Psaki clarifies Biden's 'minor incursion' comment about hypothetical Russian move against Ukraine
"The cost of going into Ukraine, in terms of physical loss of life for the Russians – they'll prevail over time, but it's going to be heavy," Biden said.
White House press secretary Jen Psaki clarified President Joe Biden's comments during Wednesday's press conference after he seemingly dismissed the severity of a hypothetical 'minor incursion' by Russia into Ukraine.
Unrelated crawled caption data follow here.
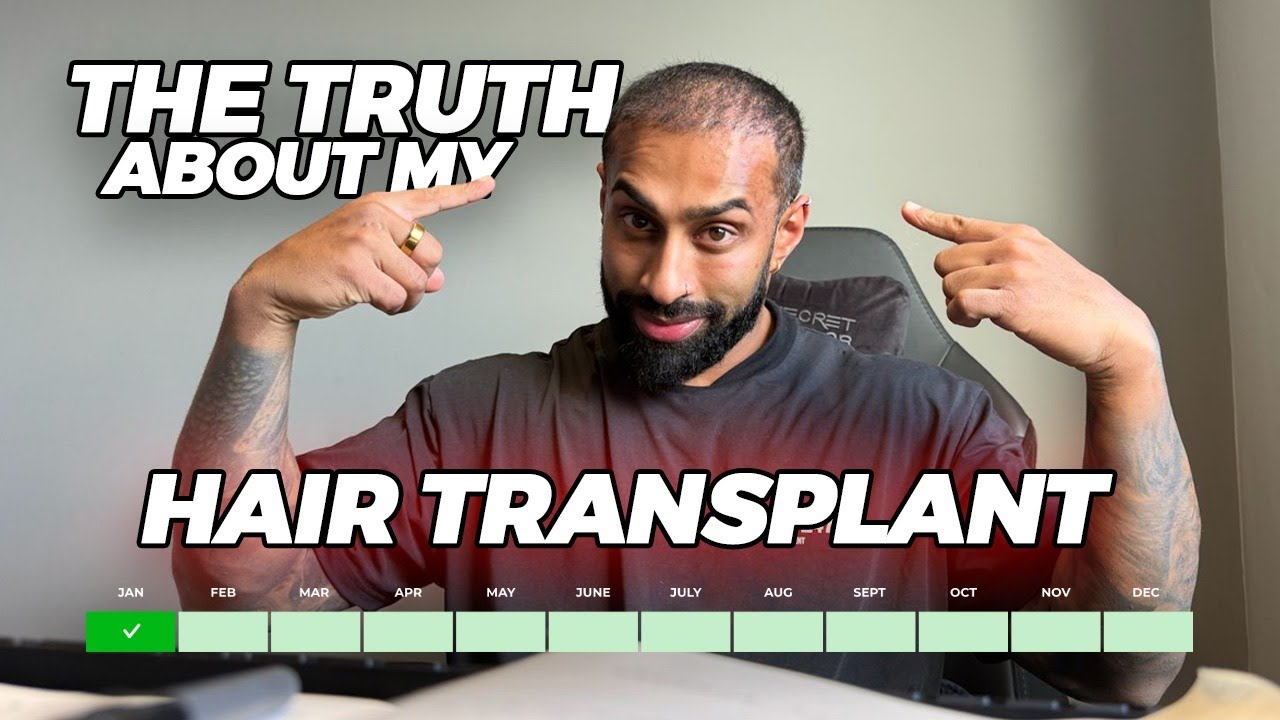 HAIR TRANSPLANT JOURNEY | WHY NOW? WHY I CHOSE COSMEDICA | 1 MONTH REVIEW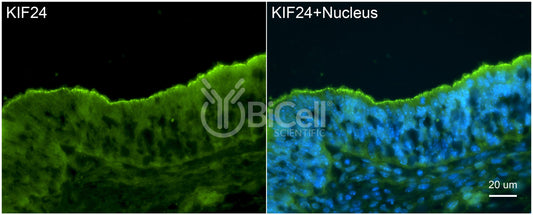 KIF24 (C-Terminus) Antibody - Western Blot Validated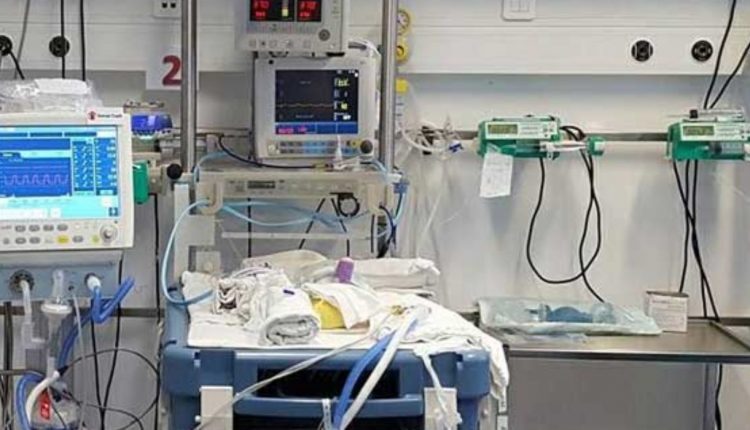 Cum este posibil ca Serbia să aibă mai multe aparate de respirat decât România?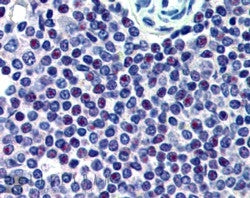IHC testing of FFPE human spleen (nucleoli staining) with HMG20A antibody at 2.5ug/ml. HIER: steamed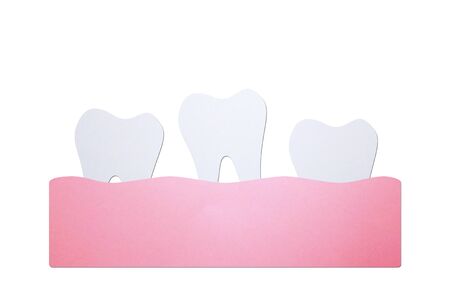 loose tooth or missing teeth, tooth is fall out of the gum - dental cartoon paper cut style cute character for designの写真素材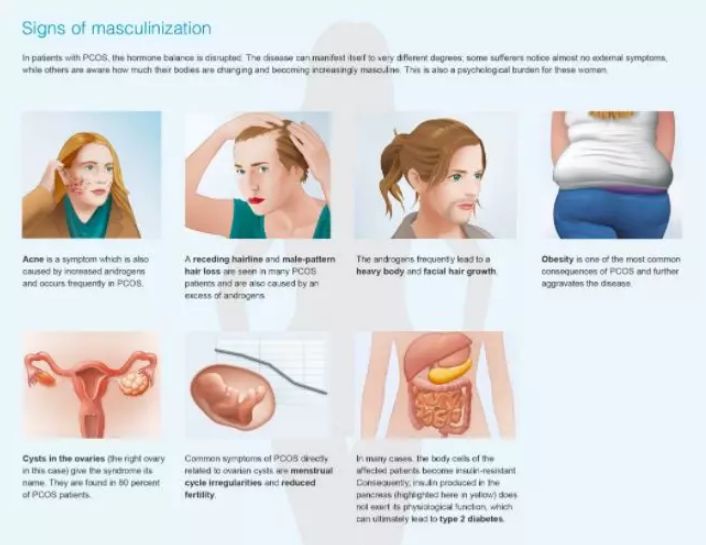 美肤霜说明书,多囊卵巢痤疮用什么药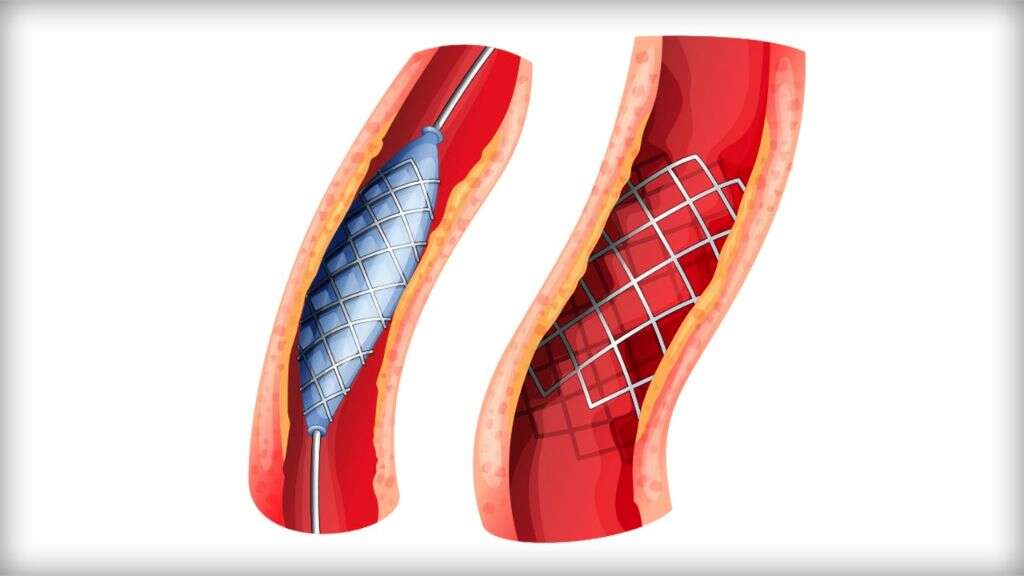 May Thurner Syndrome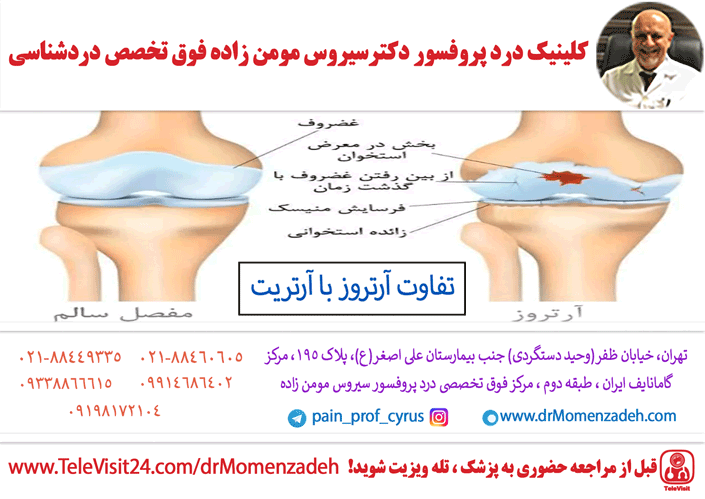 تفاوت آرتروز با آرتریت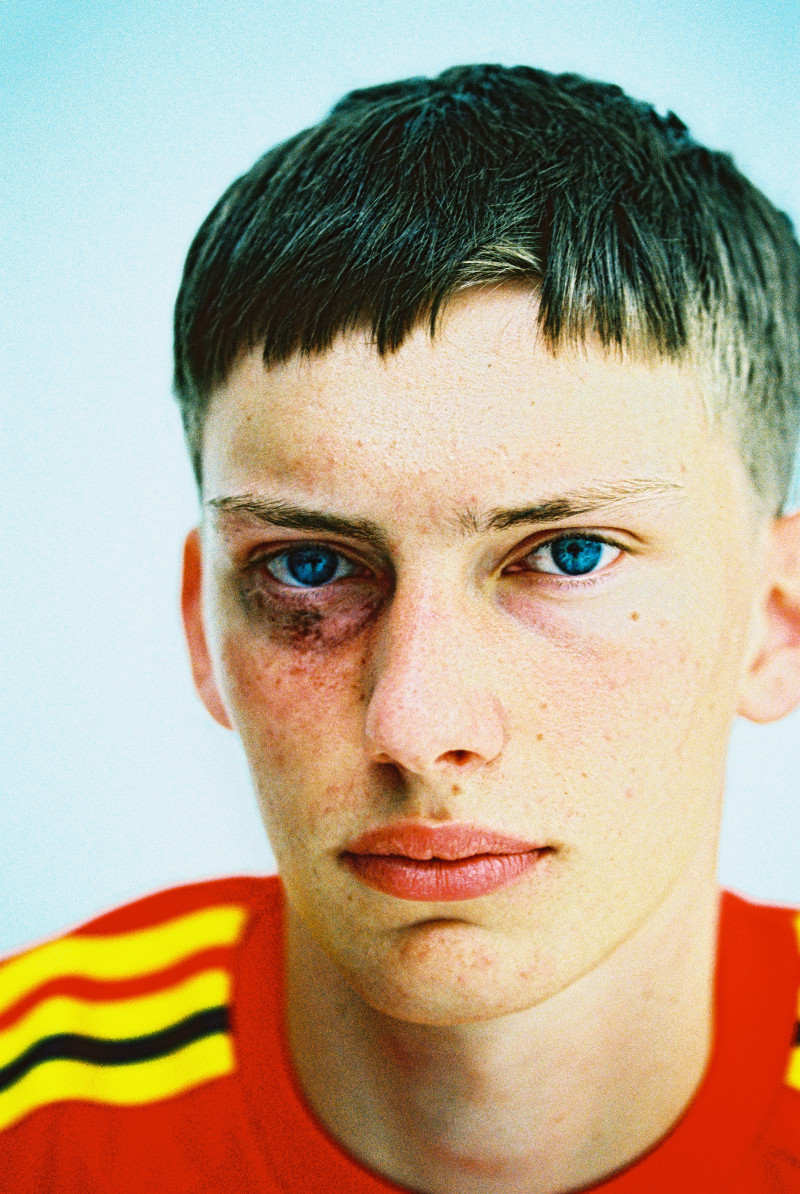 THE BROKEN ARM X ADIDAS EURO24 image-10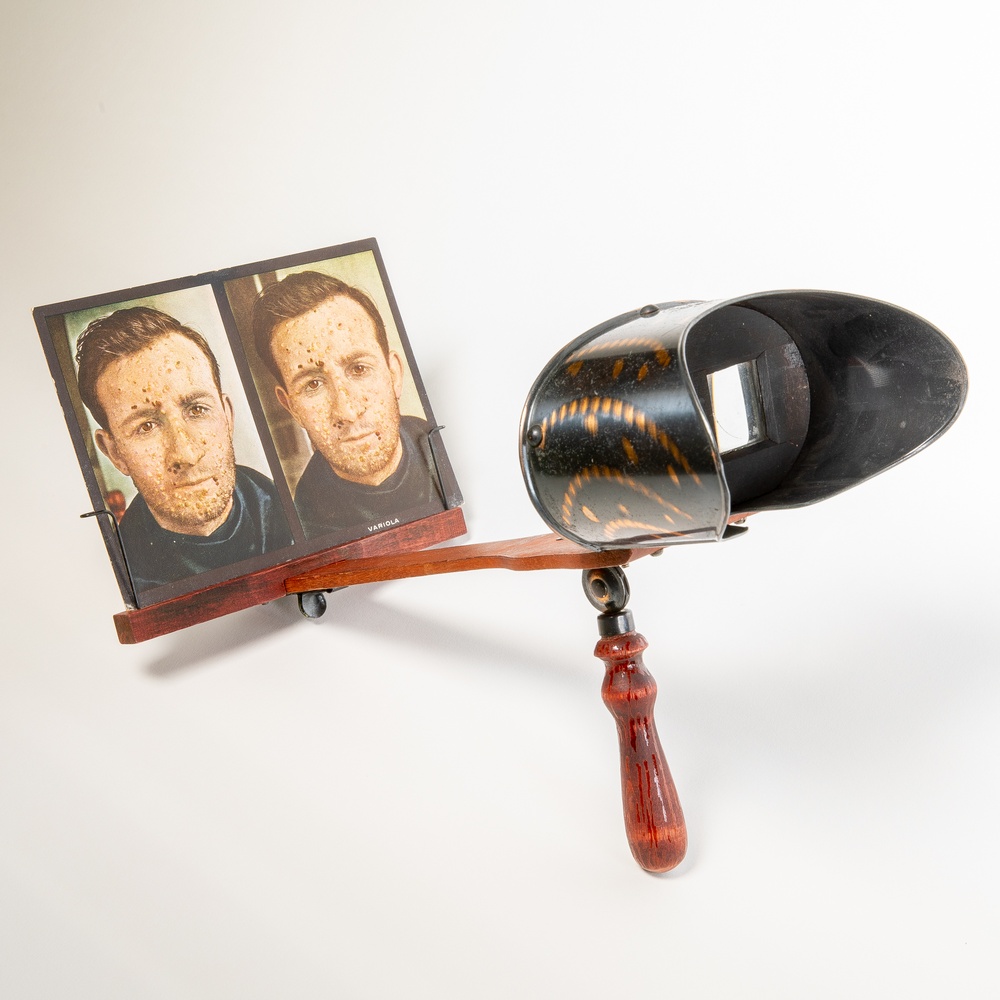 Stereoscope, with stereoscopic card, from The Stereoscopic Skin Clinic.’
Biden additionally said the former Communist country would "prevail over time" in such an invasion.
Biden's comments spurred critics to charge that he seemingly gave Russian President Vladimir Putin permission to invade Ukraine - and prompted Psaki to clarify the president's remarks.
"President Biden has been clear with the Russian President: If any Russian military forces move across the Ukrainian border, that’s a renewed invasion, and it will be met with a swift, severe, and united response from the United States and our Allies," Psaki stated.
"President Biden also knows from long experience that the Russians have an extensive playbook of aggression short of military action, including cyberattacks and paramilitary tactics. And he affirmed today that those acts of Russian aggression will be met with a decisive, reciprocal, and united response," she said.
During a press conference earlier that day, Bloomberg reporter Jennifer Epstein asked Biden: "Given how ineffective sanctions have been in the past, why should the threat of new sanctions give [Putin] pause?"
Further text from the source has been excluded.